Keith Whitley - The Last Word

First published in Country Music International, January 1996

 

Lauded as one of the finest country vocalists of his time Keith Whitley’s burgeoning career was cut short when he died in 1989. A new album of previously unreleased material has reaffirmed his status in the 1990s. Alan Cackett recounts the story of a wasted talent and returns to a previously unpublished interview conducted with the singer just weeks before his death.

 

Keith Whitley, one of modern country music’s finest vocal stylists, just won’t go away. The past year has seen the release of both an excellent tribute album recorded by some of Nashville’s newer performers, and, more recently, WHEREVER YOU ARE TONIGHT, an album of previously unreleased demos dressed up in superb modern country arrangements.

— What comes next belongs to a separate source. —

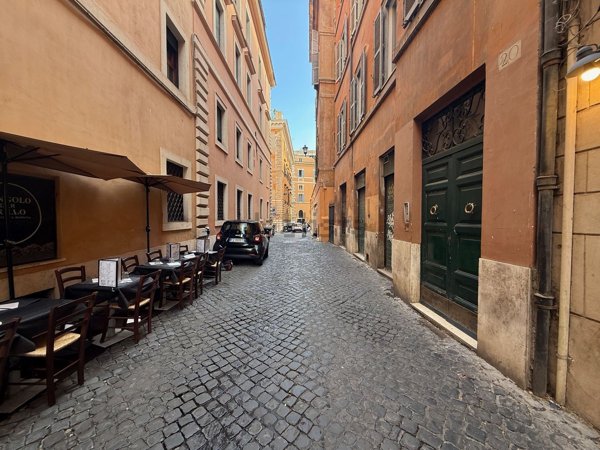 locale commerciale in vendita a Roma in zona Campo Marzio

Whitley never received the hype of, say, Randy Travis, Clint Black or Garth Brooks, but he quietly made his mark as one of the New Country movement’s great talents before his death, at just 33, of an accidental alcohol overdose, on May 9, 1989.

When Whitley first hit Nashville in the early 1980s I wasn't really aware of his bluegrass background and felt that he was a poor imitator of Lefty Frizzell, a singer that I had long held in high regard. It wasn't until 1988, when he released his DON’T CLOSE YOUR EYES album that I started to get hooked on Whitley’s rich stone country baritone. When I heard that he was to appear at the annual Wembley country music festival the following Easter I sought out an interview.

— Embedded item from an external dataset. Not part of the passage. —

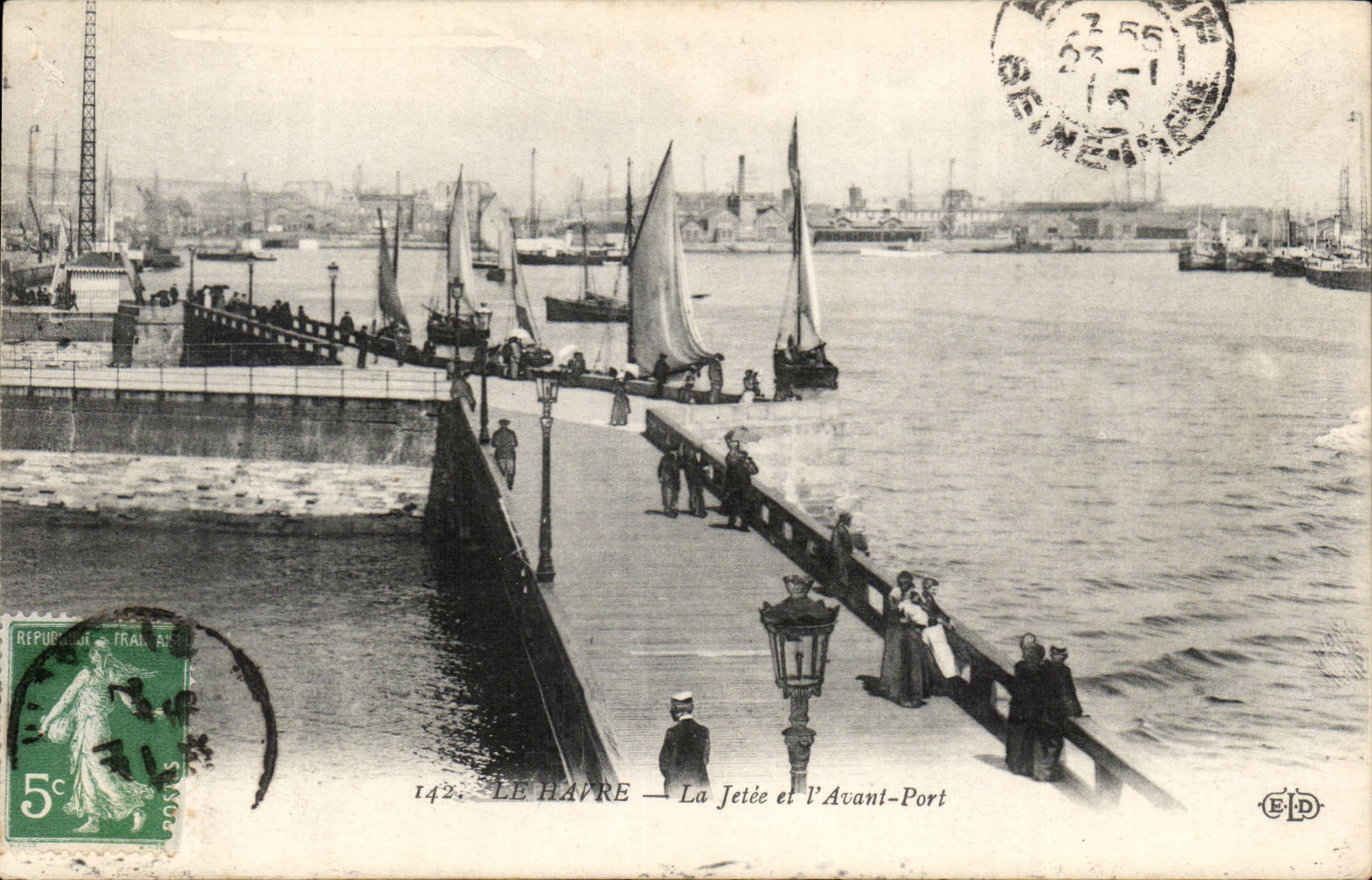 CPA Le Havre the pier and before port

As it happened, Whitley turned out to be a perfect gentleman. Softly spoken and a real expert on country music and its history. Like so many, I was devastated to hear just a few weeks later, that he had died. The interview never ran.

When he went on that fatal alcoholic binge in 1989, Whitley left behind a legacy of recordings that will be enjoyed for as long as people listen to country music. At the time, he had three consecutive number one records and had just completed recording his I WONDER DO YOU THINK OF ME album. After nearly two decades of striving for stardom and a long battle with alcoholism, Whitley had finally achieved major country music success.

But his success was tempered with sadness. In 1984 his brother Randy was killed in a motorcycle accident, and a year later, Keith and his first wife, Kathi, divorced. However, success on the charts coincided with an upturn in his personal life. He began dating singer Lorrie Morgan and the two were married on November 21, 1986. They had a son, Jesse Keith, in 1987, and later Keith adopted Lorrie's eight-year old daughter Morgan.

His life appeared to be in good shape and he also seemed to be conquering the drink problem he’d had since he was 16. “Every time I’d get close to something happening, I’d get drunk,” he admitted. “It took me a long time to realise that my drinking had become a problem.”

It was estimated that Whitley had consumed the equivalent of 20 shots of 100-proof liquor in just two hours. He’d been drinking alone at his Goodlettsville home. Lorrie was en route to an appearance in Alaska when he died.

Born July 1, 1955, in Sandy Hook, Kentucky, Whitley rose to fame as a bluegrass music prodigy. He was playing guitar by the age of six, performed on West Virginia radio by the age of nine, and in the late 1960s, at just 13 years old, he put together The Lonesome Mountain Boys, a bluegrass group that included Whitley, his brother Dwight, and fellow Kentuckian Ricky Skaggs. In 1970, he and Skaggs toured in Ralph Stanley's Clinch Mountain Boys, where they stayed until 1972. “I just couldn’t believe it,” Whitley recalled. “My bluegrass career seemed to snowball. I was just 15 years old and I was being treated like a star.”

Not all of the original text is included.